Natural de Francisco Morato, São Paulo, Rogério chegou a Mato Grosso em 2013 para estudar geografia na Universidade Federal de Mato Grosso (UFMT), no campus de Rondonópolis. Três anos depois, decidiu mudar para o curso de filosofia e se estabeleceu em Cuiabá, onde encontrou um cenário artístico mais vibrante.
Um talento precoce que encontrou inspiração na periferia
A relação de Rogério com a arte começou cedo. Ele ainda se lembra do dia em que, aos 6 anos, pegou um papel e desenhou sua mãe segurando uma panela. Aos 12, a habilidade foi aprimorada em um projeto social que oferecia cursos de desenho gratuito. No entanto, foi na 5ª série, ao assistir um grupo de grafiteiros transformar o palco de sua escola, que sua paixão pelo grafite nasceu.
“Foi o primeiro contato vívido que eu tive com o grafite. Eu fiquei maluco quando vi aquilo. Comecei a perceber essa arte espalhada pela cidade, o que aguçou minha percepção artística”, relembra.
Aos 15 anos, o skate aproximou Rogério ainda mais da cultura urbana e do hip hop, o que o levou ao grafite. Influenciado por grafiteiros paulistas, ele deu os primeiros passos na arte de pintar muros.
Arte que transcende barreiras geográficas e sociais
Quando chegou a Rondonópolis, Rogério enfrentou o desafio de ser o único grafiteiro do município. Mesmo assim, não abandonou a paixão. “Eu continuei pintando”, afirma. Com a mudança para Cuiabá, em 2016, ele encontrou uma cena mais ampla, onde pôde expandir sua atuação.
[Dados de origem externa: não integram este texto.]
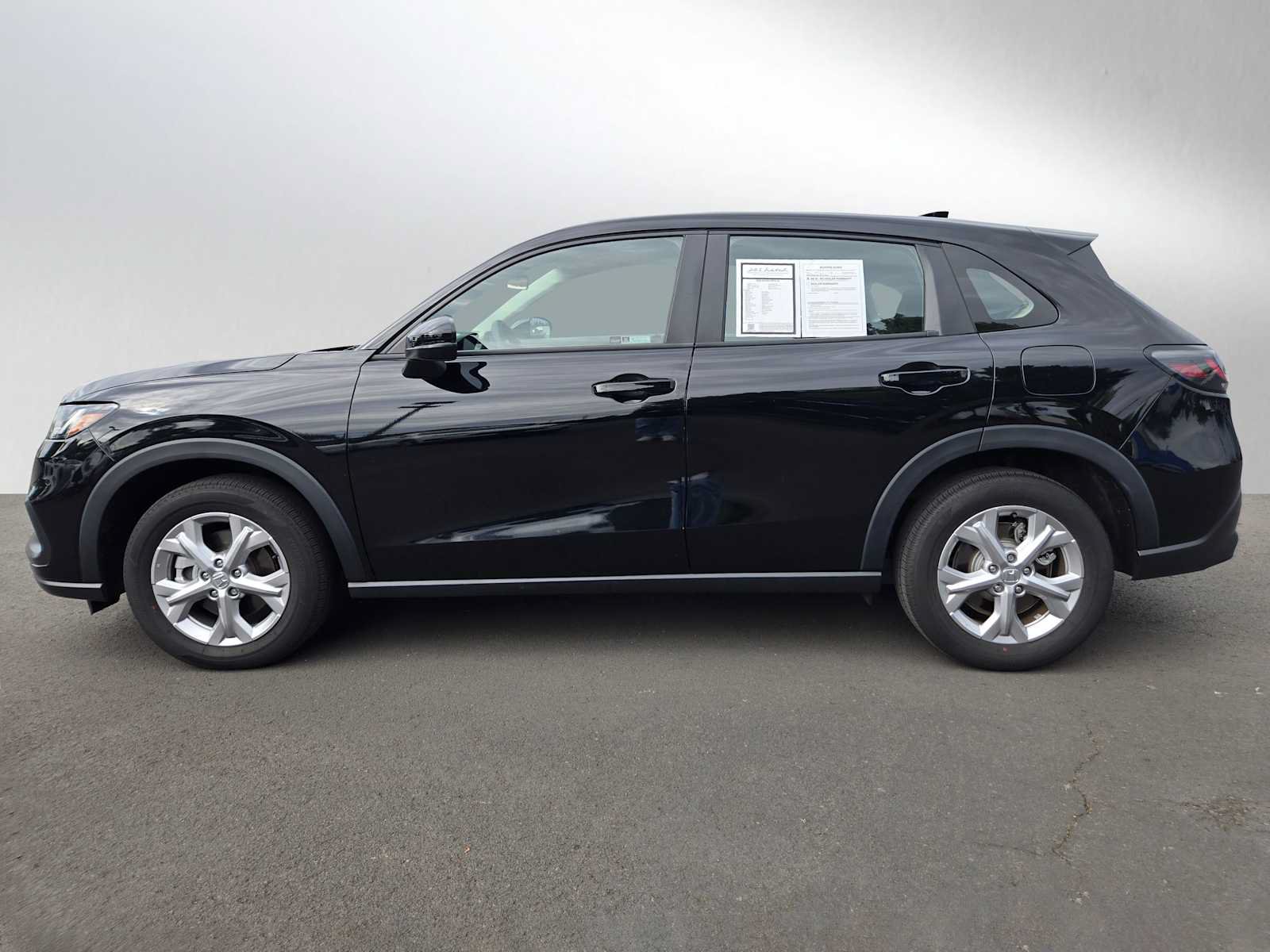 Used 2023 Honda HR-V LX image 6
Em 2021, o reconhecimento veio com o prêmio no 26º Salão Jovem Arte, na categoria graffiti e muralismo. No entanto, foi em 2023 que Rogério viveu um dos momentos mais marcantes de sua carreira: a criação de um mural de 16 metros de altura por 10 metros de largura no bairro Heliópolis, em São Paulo. A obra, intitulada Descanso, retrata sua mãe, uma mulher negra e empregada doméstica, sentada na praia olhando para o horizonte.
“Foi o maior mural que já pintei e uma das experiências mais importantes da minha vida. A obra carrega uma denúncia social sobre o descanso negado aos trabalhadores. Minha mãe, mesmo morando no litoral, raramente vai à praia por não se sentir no direito”, relata o artista.
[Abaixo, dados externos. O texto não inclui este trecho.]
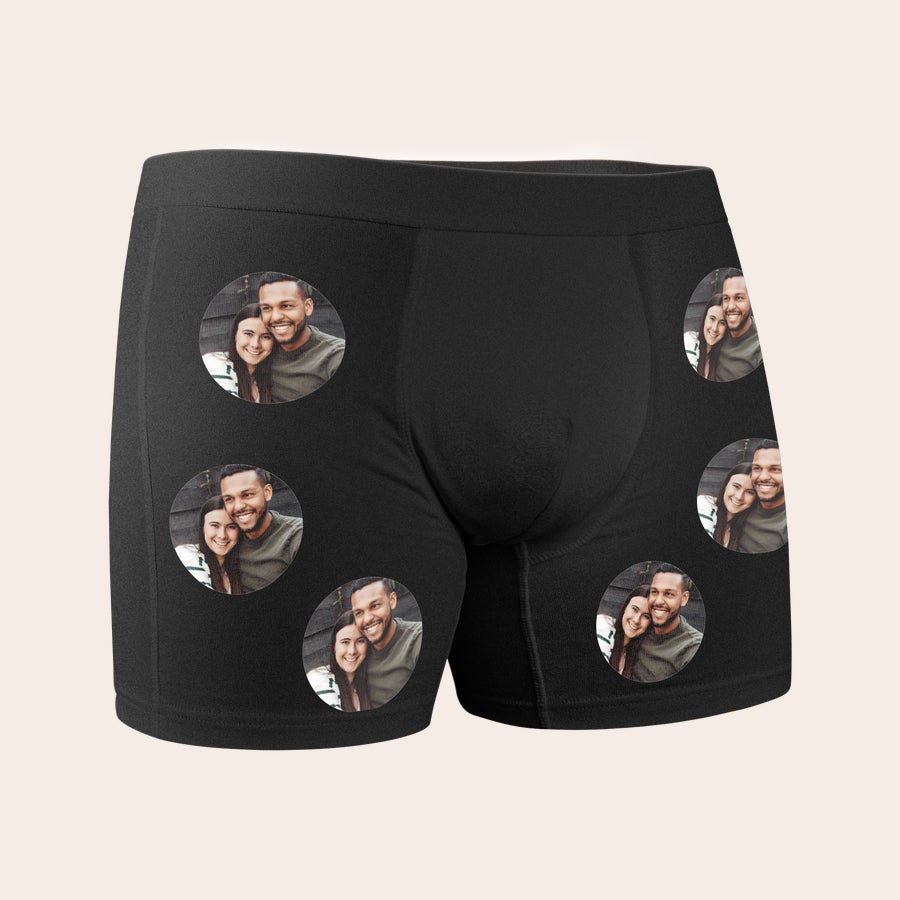 Boxershort met foto Zwarte boxershort met meerdere rond gevormde foto's van een lachend stel, voor een unieke gepersonaliseerde boxershort.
Grafite como voz para a periferia
Rogério enxerga o grafite como muito mais do que uma expressão artística; para ele, é uma plataforma de denúncia e valorização das populações marginalizadas. “Quero me comunicar com a população negra e da periferia. Pintar uma mulher negra em uma fachada de 16 metros é uma forma de mostrar que essas pessoas existem e têm histórias que precisam ser contadas”, explica.
Em cada obra, Rogério Mendes transforma muros em telas que contam histórias, denunciam desigualdades e valorizam a diversidade. Seu trabalho, que combina talento, sensibilidade e uma profunda conexão com a cultura urbana, continua a colorir não apenas as ruas de Cuiabá, mas também os corações daqueles que encontram sua arte.